(Captioned web image data)

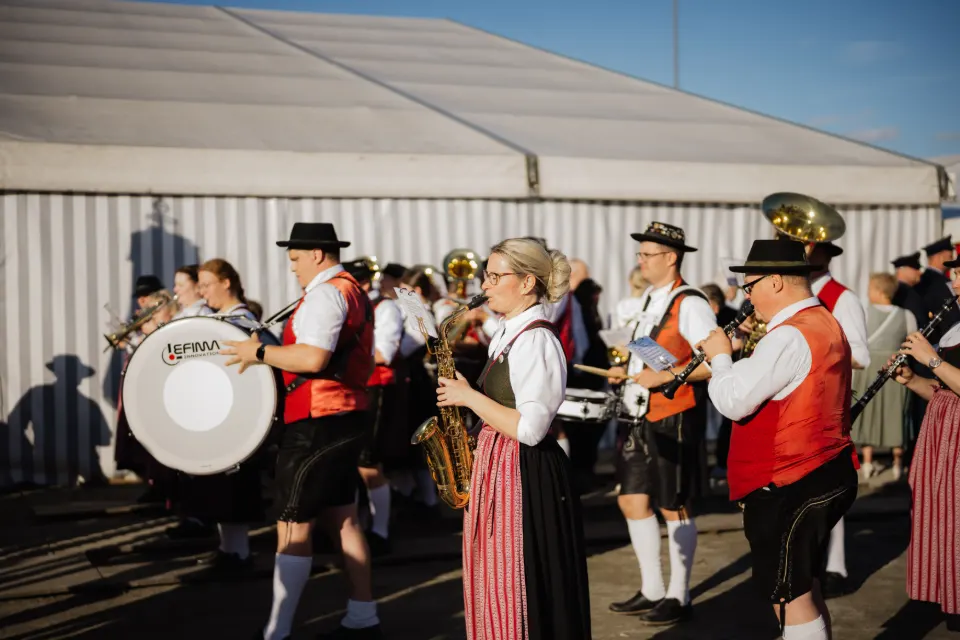 Gründungsfest FF Niederperlesreut - Samstag – Foto 541 von 730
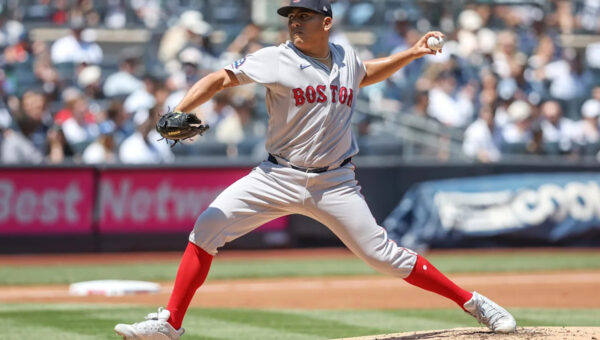 Big eighth inning for Yankees ruins stellar Suárez outing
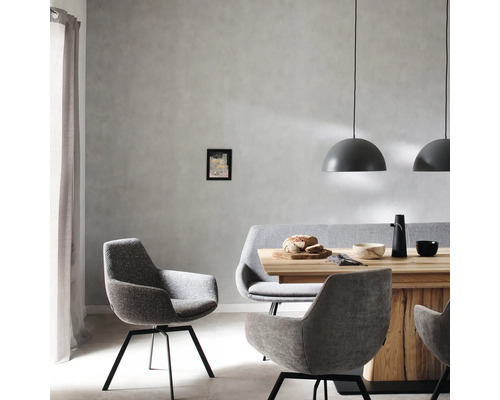 Esszimmer mit Esstisch, Stühlen und Pendelleuchten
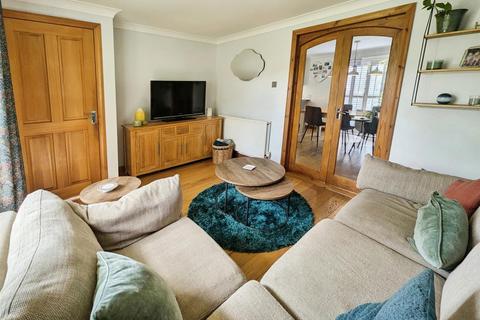24 Warwick Way, Corby, NN17 2TF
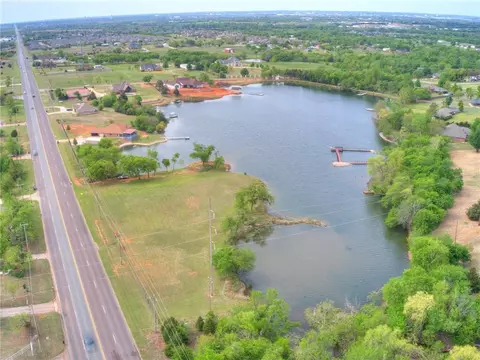 2877 S Sooner Rd, Moore, OK 73165 photo 20
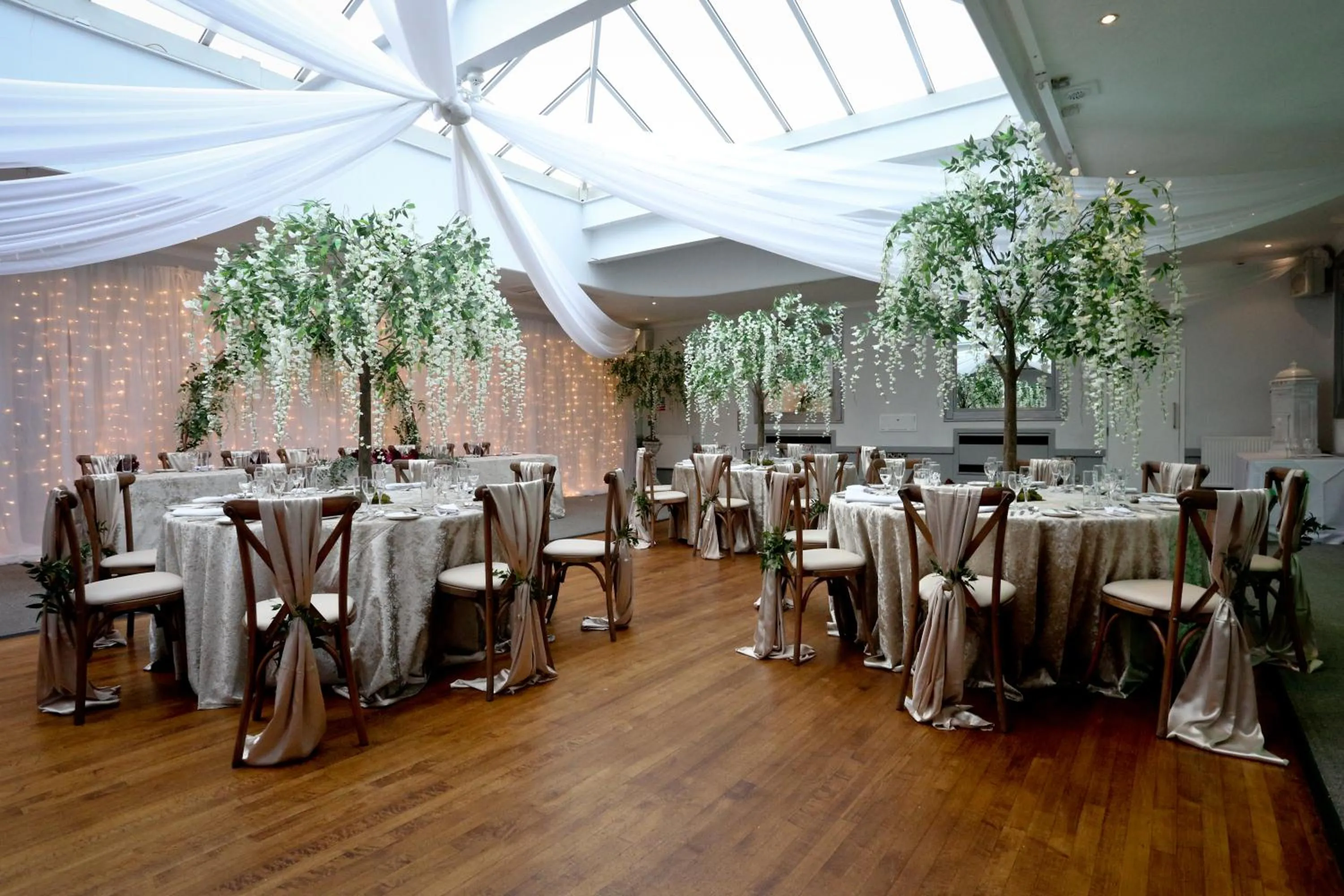 wedding in Stirk House Hotel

Your task: Retype the data above verbatim, minus images.

Finished exercise:
 Gründungsfest FF Niederperlesreut - Samstag – Foto 541 von 730
 Big eighth inning for Yankees ruins stellar Suárez outing
 Esszimmer mit Esstisch, Stühlen und Pendelleuchten
24 Warwick Way, Corby, NN17 2TF
 2877 S Sooner Rd, Moore, OK 73165 photo 20
 wedding in Stirk House Hotel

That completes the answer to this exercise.